As the year comes to an end I find myself with fingers in a number of pies – or, if you will, trying to keep a half-dozen or more balls in the air. There are several relatively small projects which I want to complete within a few weeks, and a number of more ambitious projects. I figured I’d just ramble on about them and see where I come out.
About Conflict in Blog Commentary
I’ve just been participating in a conversation the John Holbo at Crooked Timber, Hazards of Evolutionary Psychology, Royalty Edition, that got pretty contentious, with one commenter informing me about the proper rules of the game. I then pointed out that those rules didn’t work very well.
At this point I’ve pretty much drafted a post in which I elaborate on what I said in the discussion and then compare that situation with the best intellectual venue I’ve ever experienced, David Hays’s research group at SUNY Buffalo.

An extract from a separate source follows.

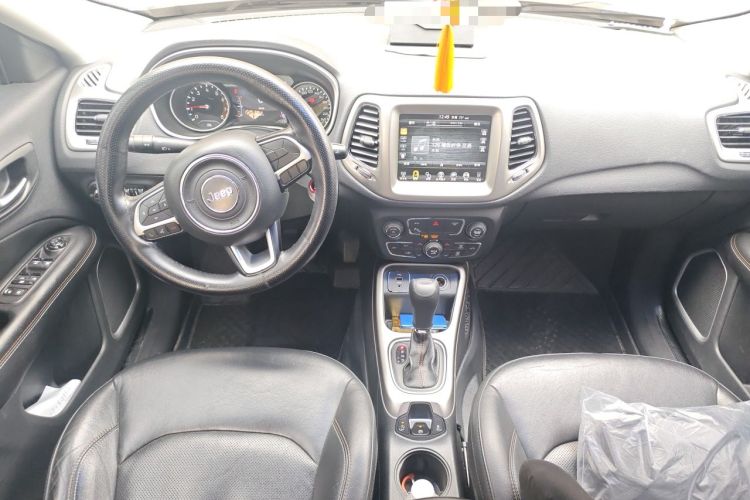Used Jeep Compass 2017 200T Automatic Family Edition Center Console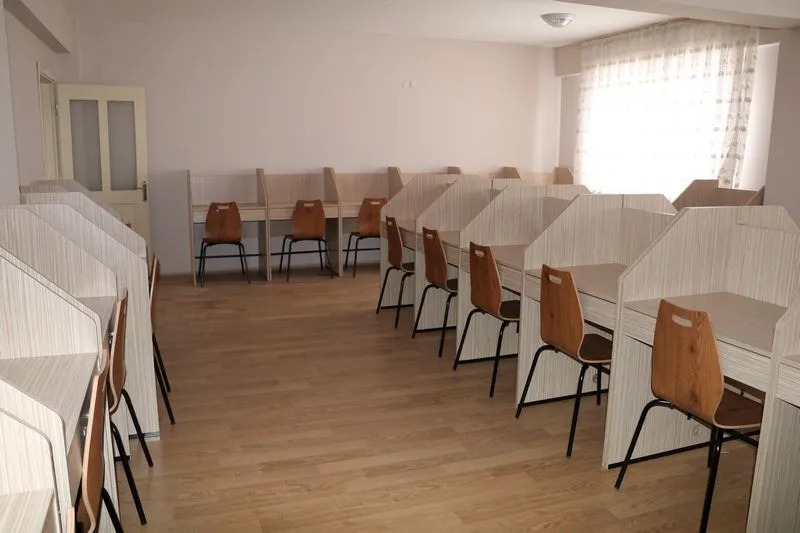 Soma Öğrenci Yurdu — Etüt Salonu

I don’t see anything particularly deep going on, just some useful observations of a fairly standard kind. More data points.
Comment on Sidney Lamb’s Paper
Sidney Lamb has a paper up for comment in a new online journal, Linguistic structure: A plausible theory, Language Under Discussion, Volume 4, Issue 1 (2016), pp. 1–37. I would be commenting on Lamb’s paper (others have done so already). This would be a formal academic paper, but not article length. Lamb will reply to all the comments sometime next year.
This is something I very much want to do as I’m quite fond of Lamb’s stratificational linguistics. It’s just a matter of figuring out what to say. I’m leaning toward something more philosophical than detailed. I’m currently working on a blog post about Searle’s famous Chinese Room thought experiment as a warm-up to commenting on Lamb. In the Lamb comment I think I want to look at what his theory might have to say about conversation and about meaning in conversation.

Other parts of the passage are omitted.